TaskWhat AI tools do
Knowledge & searchMake your own documents and records searchable in natural language
Drafting & summarisingProduce first drafts of correspondence, reports and content for review
Customer & enquiry handlingTriage, route and draft responses to incoming requests
Data analysisSummarise and find patterns in your own operational data

Connecting tools with an orchestration layer

Rather than buying a separate AI tool for every job, many New Zealand organisations use a model-agnostic orchestration layer like osFoundry to choose models (including open-weight models via BYOK), control data, and connect to existing systems. The context to keep in view is the Department of Internal Affairs (DIA) and Local Government New Zealand (LGNZ), plus the Privacy Act 2020 wherever personal information is involved.

Data and where it lives

osFoundry’s managed cloud can pin data to its US, EU or Japan regions — there is no managed New Zealand region (the nearest managed options are Australia or Japan). If you need data to stay in New Zealand, the practical options are real today: AWS Asia Pacific (New Zealand), region ap-southeast-6 in Auckland, has been generally available since 1 September 2025, and Microsoft Azure New Zealand North (newzealandnorth, Auckland) is generally available — so you can self-host osFoundry in your own in-country cloud account (BYO cloud), or run it local-first on your own infrastructure.
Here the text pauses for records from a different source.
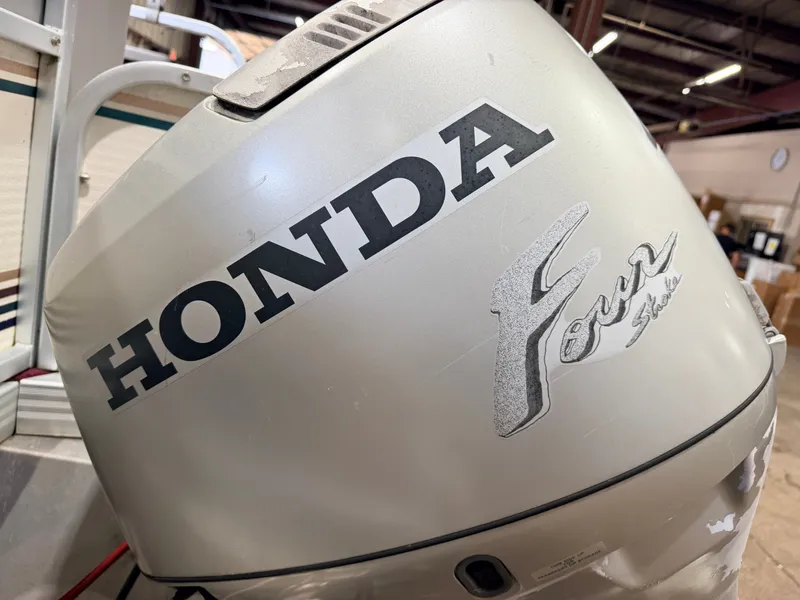 Slide: The Image of Premier 180 Horizon & 40HP Honda 4Stroke 1998 - 51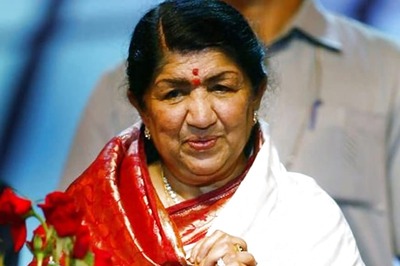 Lata Mangeshkar Returns Home from Hospital, Tweets She was Diagnosed with Pneumonia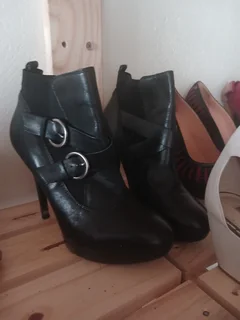 Second hand heels 1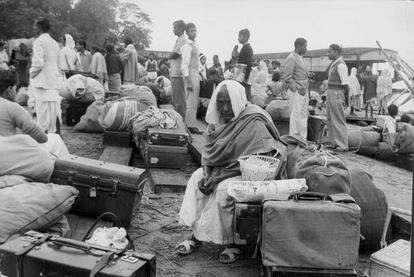 Varios refugiados huyen con sus pertenencias durante la guerra sino-India de 1962.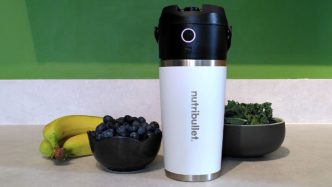 Обзор Nutribullet Flip: мощный компактный блендер для смузи на ходу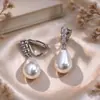 Pinzas para Orejas Clásicas Estilo Coreano con Perla en Forma de Gota de Agua Sin Perforar para Mujer, Pendientes de Alta Gama de Moda de Lujo Ligero con Microincrustaciones de Zirconia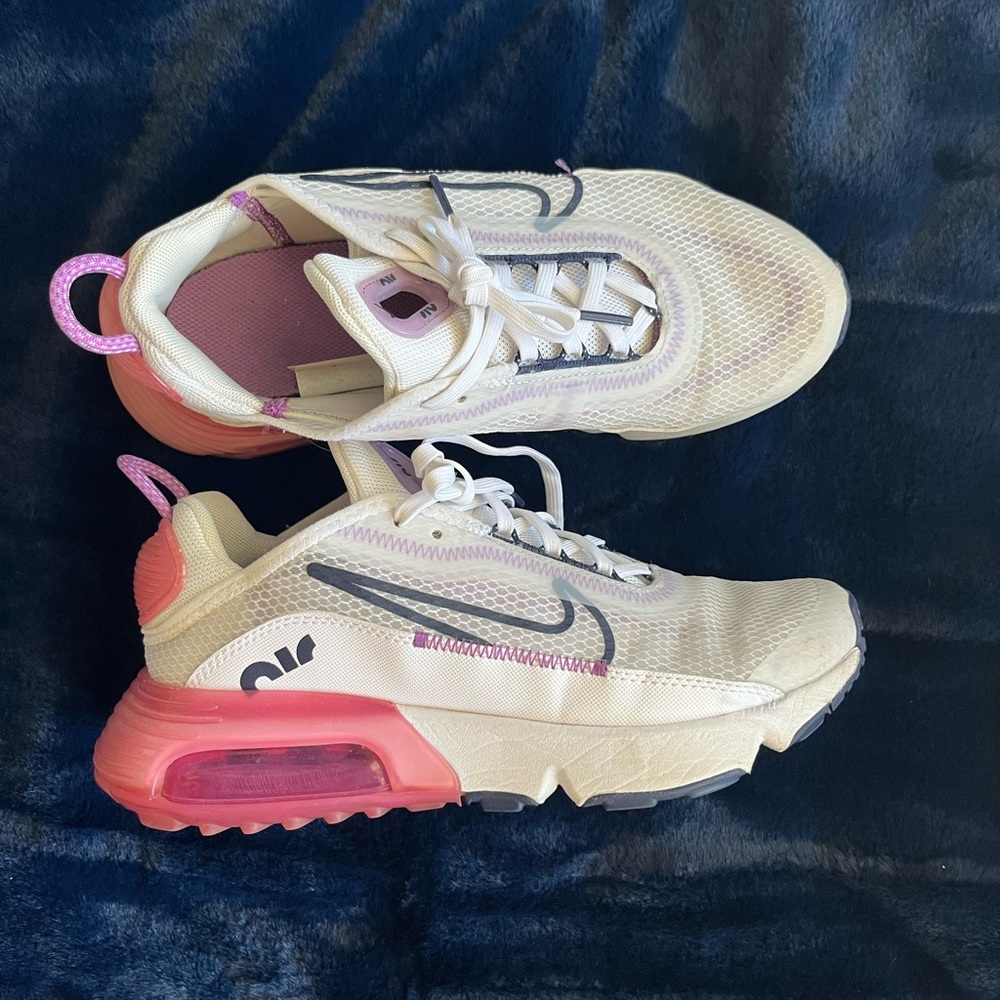 Nike Airmax 2090 Womens 7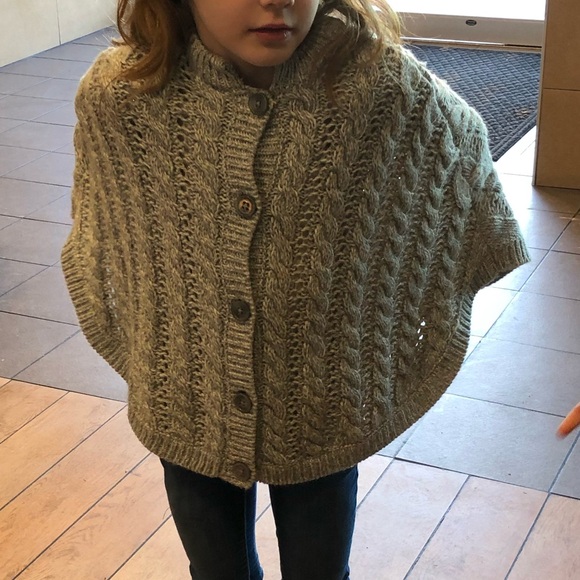 Crazy 8 Girls Knitted Poncho - Size Small - Picture 4 of 4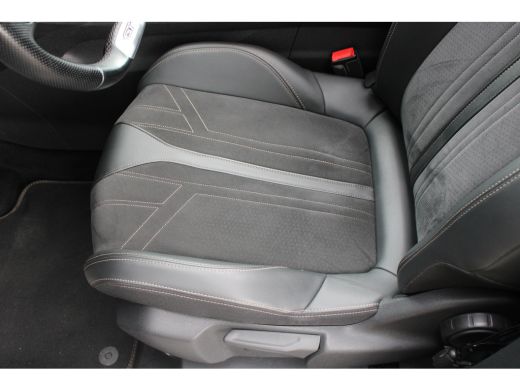 Peugeot 5008 1.2 PureTech GT | Navigatie | Camera | Panorama/schuifdak | Alcantara | All season | Apple carplay | ActivLease financial lease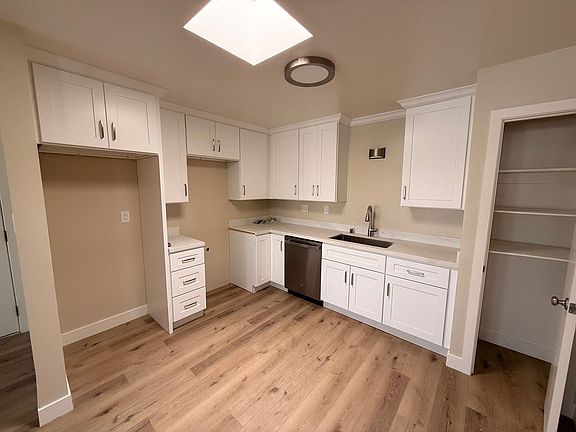 4th image of 1198 Laurel St APT C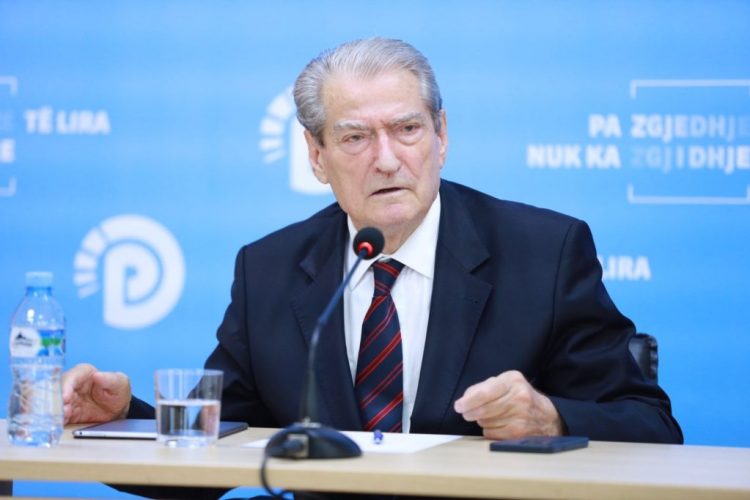 Aksioni i Policisë në kampin e MEK/ Berisha: Narkoshteti zgjodhi ditën e refugjatëve, për një raprezalje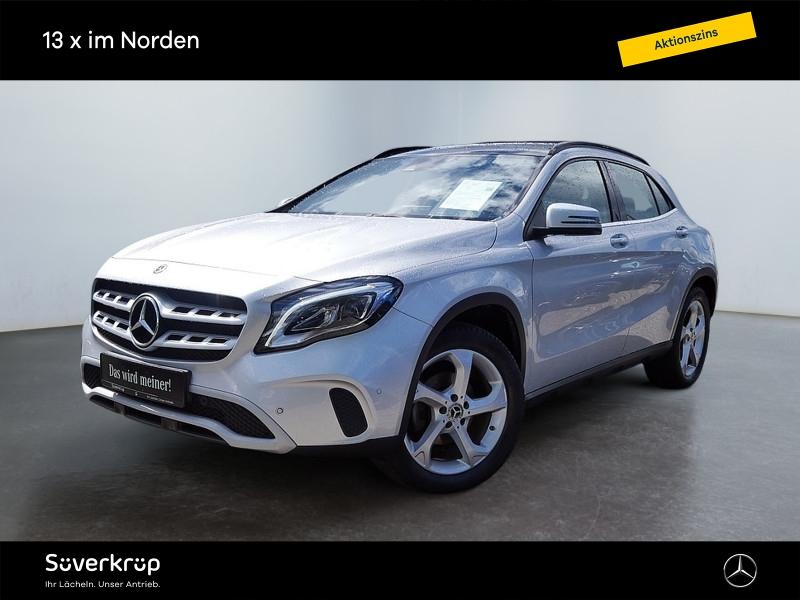 Mercedes-Benz GLA 180 KAMERA PANO SPUR PDC SHD SHZ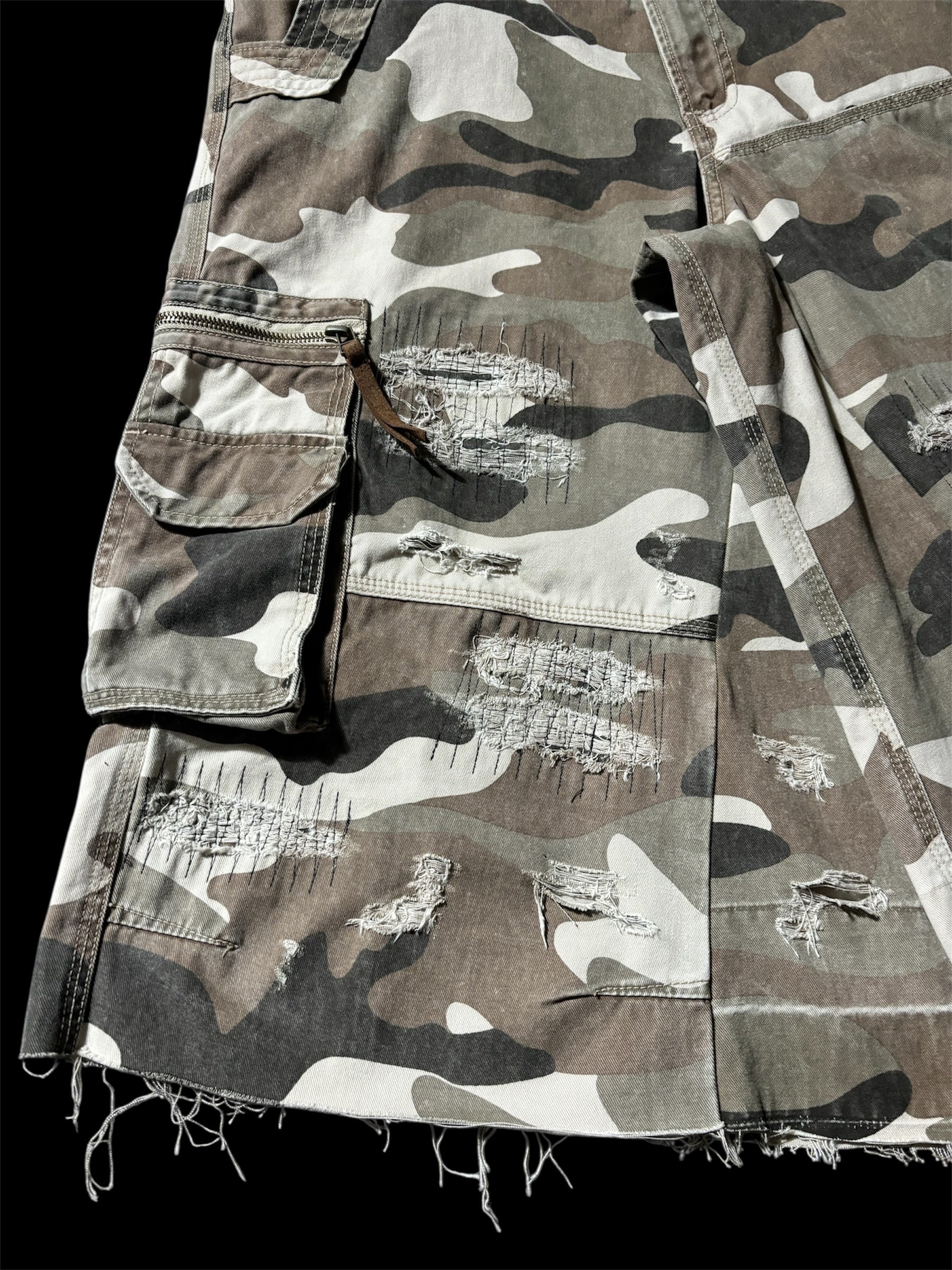 Big Baggy Distressed Repair Camo Short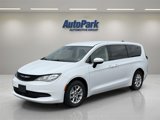 Used 2023 Chrysler Voyager LX image 3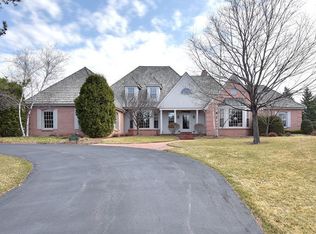 11420 N Stonefield Ct, Mequon, WI 53092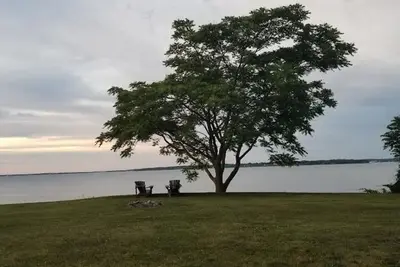 Image de Cozy Waterfront Prudence Island Cottage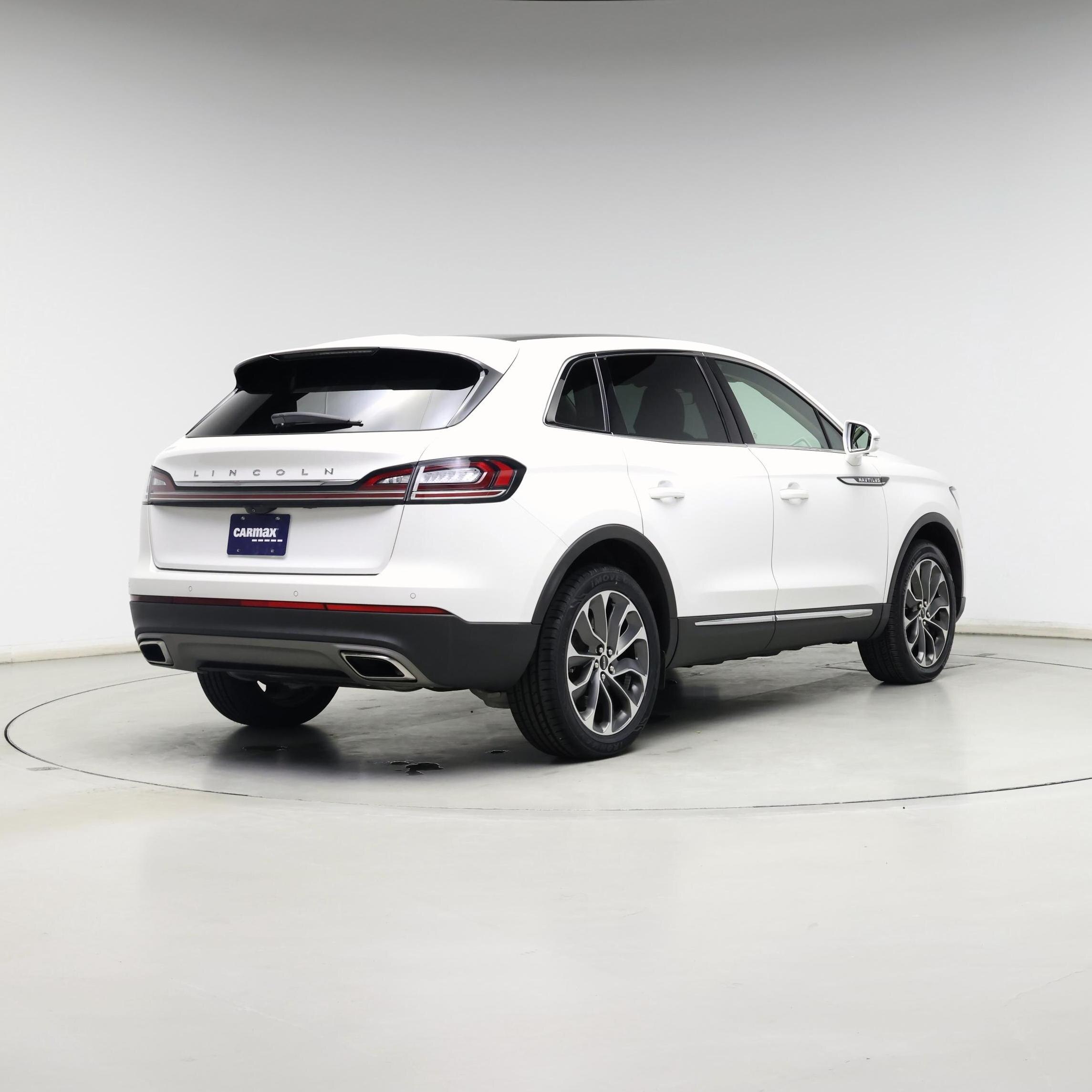 Thumbnail: 2022 Lincoln Nautilus - 8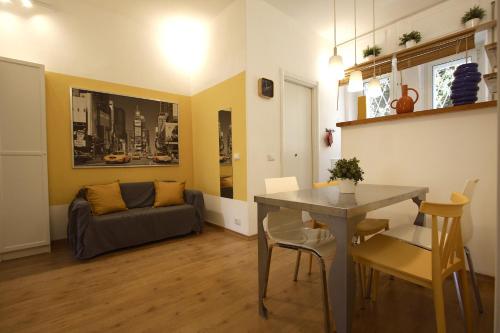 Garbatella 2BR Holiday House - image 8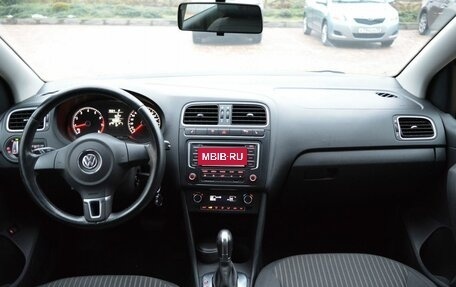 Volkswagen Polo VI (EU Market), 2015 год, 995 000 рублей, 17 фотография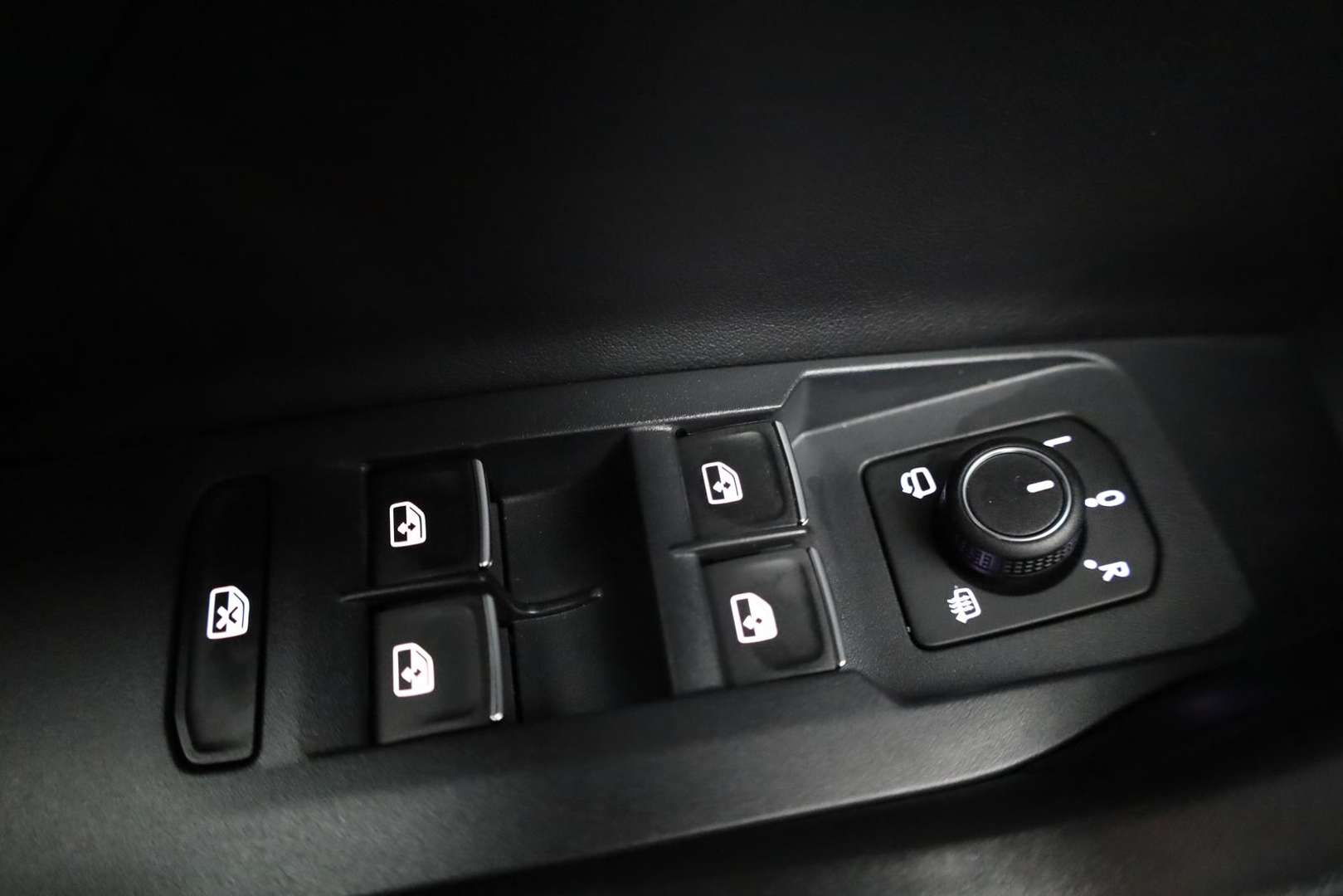 Volkswagen T-CROSS R-Line - 2026 - Joinsteer - #9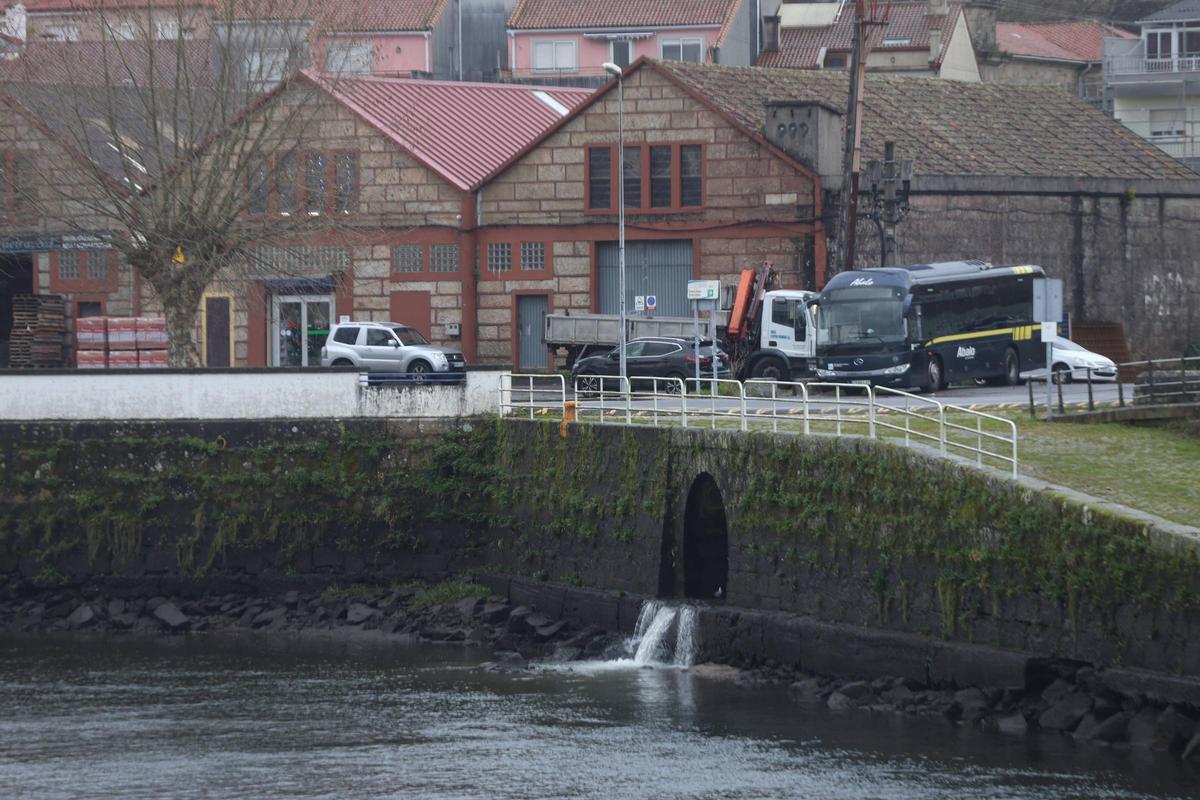 Una de las zonas afectadas por los vertidos al Ulla.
Google Cloud has no New Zealand region (the nearest is Sydney, australia-southeast1). There are also NZ-owned sovereign providers — Catalyst Cloud, Datacom and CCL/Revera — that keep data under New Zealand ownership and law. One caveat worth stating plainly: the US CLOUD Act (2018) lets US authorities compel data held by US-headquartered providers regardless of where it is physically stored, so an Auckland AWS or Azure region improves physical location and helps with the Privacy Act 2020 but does not by itself remove the jurisdictional exposure of a US-parent provider. Physical residency is not the same as jurisdictional sovereignty — verify the right region and provider for your own risk profile.

How dgm can help

dgm is an independent integration partner that helps New Zealand organisations put osFoundry to work — from choosing a worthwhile first use case through to the hands-on build and connecting it to the systems you already run. dgm can help organisations in government and the public sector select the right AI tools and connect them on osFoundry. dgm is not affiliated with the company that makes osFoundry, and it has not yet completed any client integrations, so what is described here is the service dgm offers, not past results. If you want help scoping a realistic first project, dgm can work through it with you.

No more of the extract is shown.